Their effect on human life will endure much longer than the fire itself. About 1,890 people were killed globally in wildfires between 2000 and 2023, with the worst tolls in places similar to the California neighbourhoods currently fighting back the flames: Southern Europe, North America, Australia.

Every year, however, nearly 100,000 people die from inhaling PM2.5 released by such disasters, with the worst effects in less affluent corners of Central America, Southeast Asia and Southern Africa.

Even in California, it’s the pall of smoke that will do the most damage to human well-being. A drought-prone, densely populated strip of land strafed by seasonal winds which act like accelerants on a bushfire, it’s unusually prone to such disasters and their after-effects.

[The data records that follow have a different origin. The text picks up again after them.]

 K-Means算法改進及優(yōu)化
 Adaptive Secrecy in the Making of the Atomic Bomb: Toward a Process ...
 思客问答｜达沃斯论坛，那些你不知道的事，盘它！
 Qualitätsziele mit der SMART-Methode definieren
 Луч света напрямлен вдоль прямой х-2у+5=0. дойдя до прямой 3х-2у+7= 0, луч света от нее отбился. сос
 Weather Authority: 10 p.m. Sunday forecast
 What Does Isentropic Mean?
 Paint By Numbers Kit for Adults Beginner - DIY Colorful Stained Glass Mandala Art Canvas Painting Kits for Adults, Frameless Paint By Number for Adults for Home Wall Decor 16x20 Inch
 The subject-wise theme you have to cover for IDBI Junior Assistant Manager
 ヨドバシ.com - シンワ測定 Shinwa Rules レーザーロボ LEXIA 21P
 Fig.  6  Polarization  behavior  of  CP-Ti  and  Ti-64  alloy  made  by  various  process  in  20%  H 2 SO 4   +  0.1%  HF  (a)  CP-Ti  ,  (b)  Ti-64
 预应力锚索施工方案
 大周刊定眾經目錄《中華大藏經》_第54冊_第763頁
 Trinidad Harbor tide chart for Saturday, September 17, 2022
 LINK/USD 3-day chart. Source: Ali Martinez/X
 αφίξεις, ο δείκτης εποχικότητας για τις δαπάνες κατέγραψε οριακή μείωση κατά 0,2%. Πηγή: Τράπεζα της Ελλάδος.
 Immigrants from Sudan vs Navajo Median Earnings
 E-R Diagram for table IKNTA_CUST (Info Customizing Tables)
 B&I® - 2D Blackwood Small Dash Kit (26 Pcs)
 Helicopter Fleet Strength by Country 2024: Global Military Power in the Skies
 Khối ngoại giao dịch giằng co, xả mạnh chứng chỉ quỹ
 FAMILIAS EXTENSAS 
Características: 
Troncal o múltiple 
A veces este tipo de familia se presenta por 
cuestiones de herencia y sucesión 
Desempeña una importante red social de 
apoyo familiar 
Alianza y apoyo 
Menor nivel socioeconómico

Somewhere close to 55,000 premature deaths in the state between 2008 and 2018 were caused by PM2.5 from fires, according to a study last June led by researchers at the University of California Los Angeles. That makes such particulates a bigger cause of death in the state than road accidents, and a far more serious risk than homicide.

This blanket of soot extends around the globe. Singaporeans routinely inhale the burnt-up remnants of Indonesian jungles and peat bogs, while New Yorkers see the sun blotted out by the dust lofted when Canadian boreal forests go up in smoke. In Delhi, the fumes from thousands of hectares of rice fields ignited to clear the ground for new planting cloaks a city of 33 million, in a perennial disaster that’s been worsening for many years.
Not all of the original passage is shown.